What needs to be done — Reproduce exactly, and only, the lines of the material below running from the line bearing "Батарея універсальна Sigma" through the line bearing "Bild 13 von 39". Leave any pictures out.

*** Dataset records ***

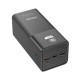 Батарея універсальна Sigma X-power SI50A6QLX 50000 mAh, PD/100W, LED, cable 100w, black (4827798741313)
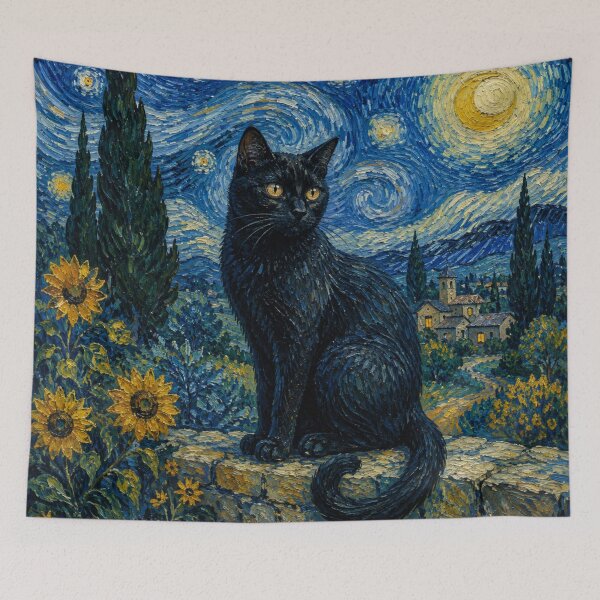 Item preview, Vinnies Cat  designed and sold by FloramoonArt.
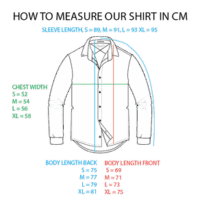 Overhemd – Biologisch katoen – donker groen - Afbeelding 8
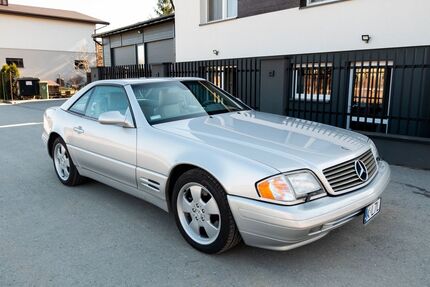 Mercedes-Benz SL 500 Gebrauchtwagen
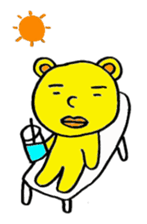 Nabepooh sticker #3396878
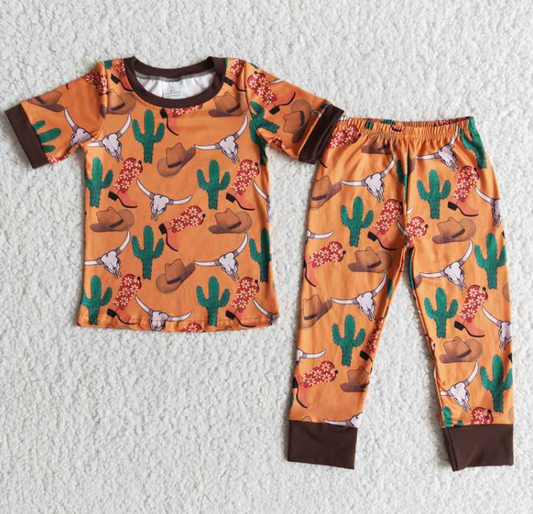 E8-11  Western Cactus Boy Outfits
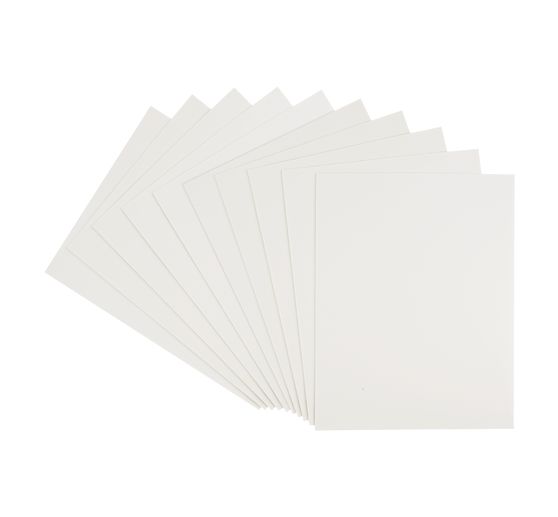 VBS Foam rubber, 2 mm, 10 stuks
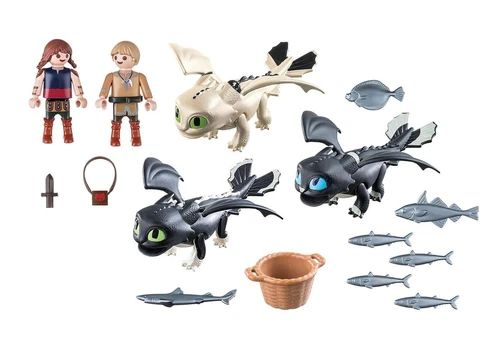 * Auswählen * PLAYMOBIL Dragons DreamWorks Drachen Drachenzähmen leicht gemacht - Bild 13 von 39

*** End of Dataset records ***
*** Dataset records ***

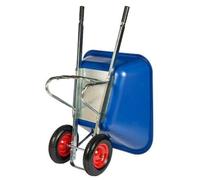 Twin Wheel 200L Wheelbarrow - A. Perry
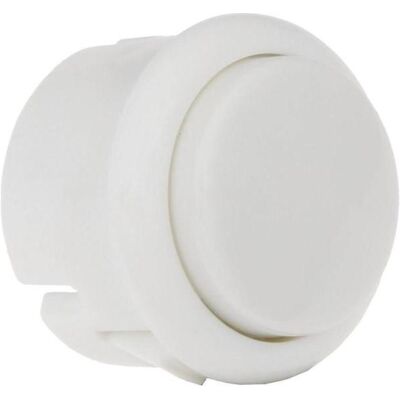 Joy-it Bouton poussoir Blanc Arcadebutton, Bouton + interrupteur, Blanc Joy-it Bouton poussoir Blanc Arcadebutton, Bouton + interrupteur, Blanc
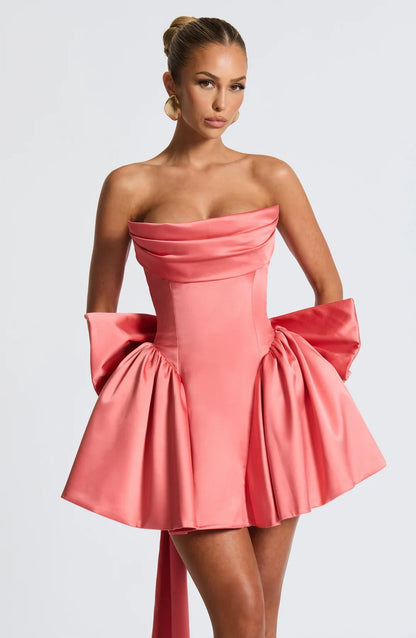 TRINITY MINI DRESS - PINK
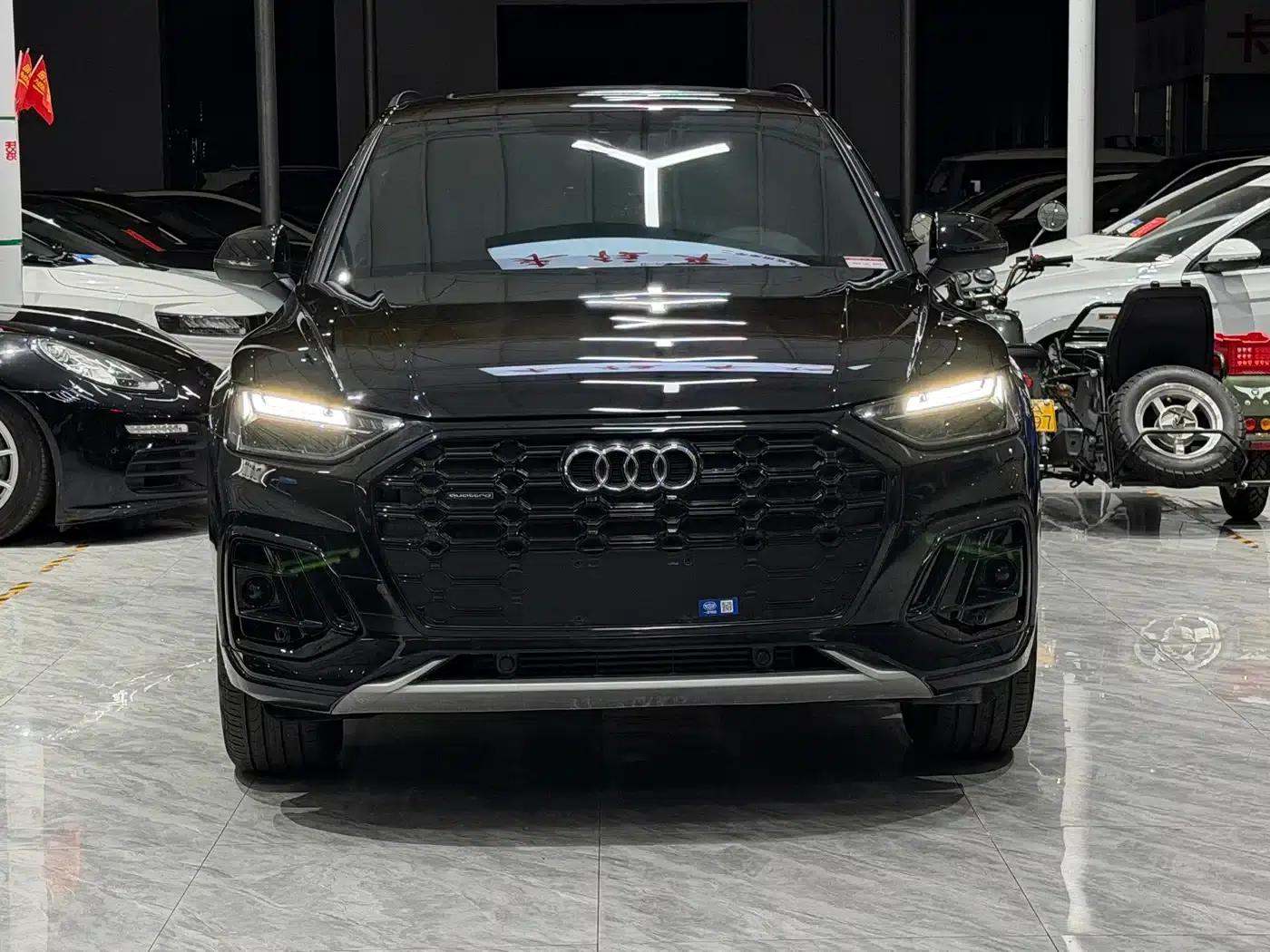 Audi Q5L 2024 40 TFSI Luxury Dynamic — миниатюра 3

*** End of Dataset records ***
*** Dataset records ***

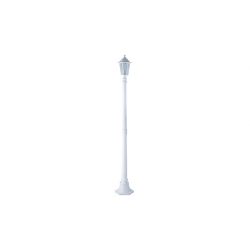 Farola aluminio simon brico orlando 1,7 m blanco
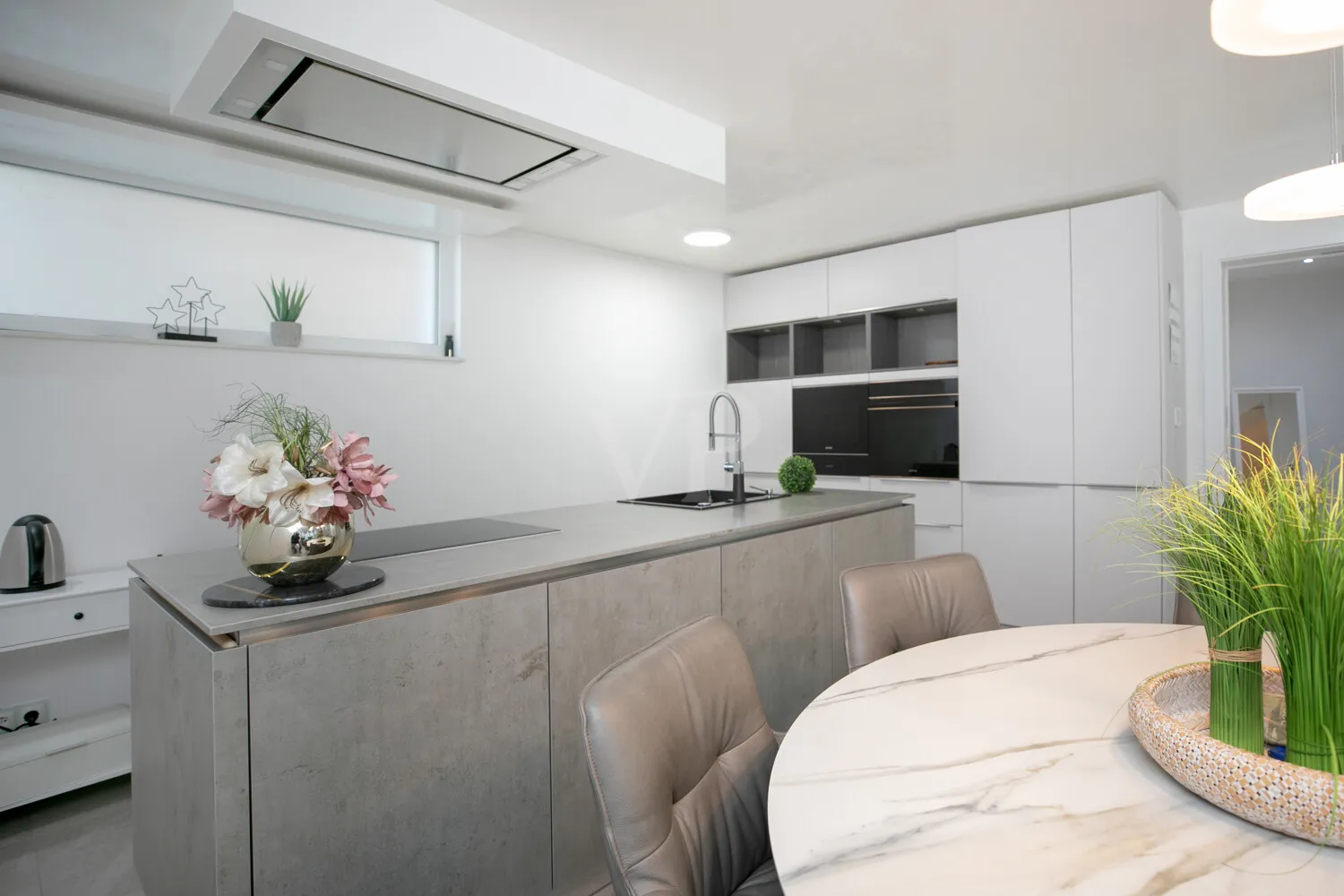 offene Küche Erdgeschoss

*** End of Dataset records ***

Reply —
 Батарея універсальна Sigma X-power SI50A6QLX 50000 mAh, PD/100W, LED, cable 100w, black (4827798741313)
 Item preview, Vinnies Cat  designed and sold by FloramoonArt.
 Overhemd – Biologisch katoen – donker groen - Afbeelding 8
 Mercedes-Benz SL 500 Gebrauchtwagen
 Nabepooh sticker #3396878
 E8-11  Western Cactus Boy Outfits
 VBS Foam rubber, 2 mm, 10 stuks
 * Auswählen * PLAYMOBIL Dragons DreamWorks Drachen Drachenzähmen leicht gemacht - Bild 13 von 39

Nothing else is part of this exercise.